# Generalizing Brzozowski's DFA minimization algorithm to finite automata with different classes of accepting states?

Brzozowski's algorithm for converting a DFA into an equivalent minimum-state DFA is remarkably simple: if $R(D)$ denotes the NFA formed by reversing all the edges in a DFA $D$, making the old start state an accepting state, and making the old accepting states start states, and if $P(N)$ denotes the result of applying the subset construction to the NFA $N$, then $$P(R(P(R(D))))$$ is a minimum-state DFA with the same language as $D$.

We can think of a DFA as a computational device that accepts an input string $w$ and then outputs 0 if $w$ ends in a rejecting state and 1 if $w$ ends in an accepting state. A natural generalization of DFAs associated each state in the DFA with some natural number between 0 and $k-1$, inclusive.

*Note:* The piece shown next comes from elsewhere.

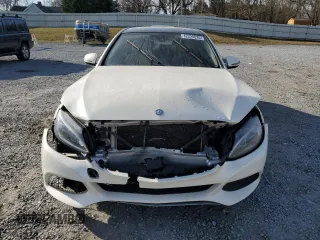2017 Mercedes-Benz C 300 z VIN 55SWF4JBXHU196024, wystawiony jako Copart lot #42220035 z przebiegiem 95 899 mil mil oraz Szkoda całkowita • Salvage title. Historia ofert i sprzedaży dostępna na DreamBid. Obrazek 5.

To the best of my knowledge, it's possible to minimize these modified classes of DFAs by using a distinguishability-based minimization algorithm, such as the canonical one by Hopcroft. However, I can't see how it would be possible to adapt Brzozowski's minimization algorithm to this new class of automata because the key step (reversing the automaton) no longer has a clear interpretation in this generalized setting.

Is there a known generalization of Brzozowski's algorithm for minimizing these sorts of automata? If not, are there any theoretical reasons why we'd expect that such a modified algorithm wouldn't exist?

• the "generalization" does not seem to be clearly defined. what is $k$? is it just talking about associating each state in a DFA with a bounded integer value? then what? what is an example? who works with this? etc
– vzn
Dec 2, 2015 at 23:39
• @vzn You can think of each state in a normal DFA as being associated with either 0 or 1 (reject and accept states, respectively). I'm thinking about generalizing this to the case where each DFA state is associated with some value in $\{0, 1, 2, 3, ..., k-1\}$, and the DFA outputs the number associated with the state that the string ends up in. Dec 3, 2015 at 1:04
• ok, thats not communicated in the post at all, "the DFA outputs the # associated with the state the string ends in", suggest you fix that. also, DFAs technically have no "output". maybe you mean FSM transducer? there is indeed some partial theory associated with FSM transducer minimization that is apparently not ("yet"?) fully tied in with DFA minimizing.
– vzn
Dec 3, 2015 at 2:07